The additive effects of combined valsartan and spironolactone on plasma and cardiac aldosterone escape were evaluated in spontaneously hypertensive rats (SHRs). Twenty-four SHRs were treated with valsartan (30 mg/kg body weight per day), spironolactone (20 mg/kg body weight per day) and a combination of both for 4 months. Blood was collected and plasma aldosterone (PA) was estimated with radioimmunoassay (RIA). Ex vivo heart perfusion was performed, the ex vivo cardiac aldosterone (EXCA) was assessed by RIA after high-performance liquid chromatography separation. PA and EXCA were significantly decreased after one month but increased after 4 months in valsartan administration group. The combined valsartan and spironolactone therapy normalized cardiac aldosterone levels. This study provides the first evidence that the long-term treatment with Angiotensin II type 1 receptor antagonist (AT1A) induces local aldosterone escape in cardiovascular tissue, whereas the combined AT1A and spironolactone therapy inhibits the escape in hypertensive rats.
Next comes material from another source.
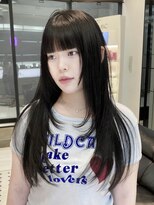 キーン 吉祥寺店(keen)&nbsp;【NANAKO】韓国レイヤーカット×グロスブラック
在自发性高血压大鼠(SHR)中评估缬沙坦和螺内酯联合使用对血浆和心脏醛固酮逃逸的附加作用。24只SHR分别接受缬沙坦(每天30mg/kg体重)、螺内酯(每天20mg/kg体重)以及两者联合治疗4个月。采集血液,用放射免疫分析法(RIA)测定血浆醛固酮(PA)。进行离体心脏灌注,高效液相色谱分离后用RIA评估离体心脏醛固酮(EXCA)。缬沙坦给药组中,PA和EXCA在1个月后显著降低,但在4个月后升高。缬沙坦和螺内酯联合治疗使心脏醛固酮水平恢复正常。本研究首次证明,1型血管紧张素II受体拮抗剂(AT1A)长期治疗可诱导心血管组织局部醛固酮逃逸,而AT1A和螺内酯联合治疗可抑制高血压大鼠的醛固酮逃逸。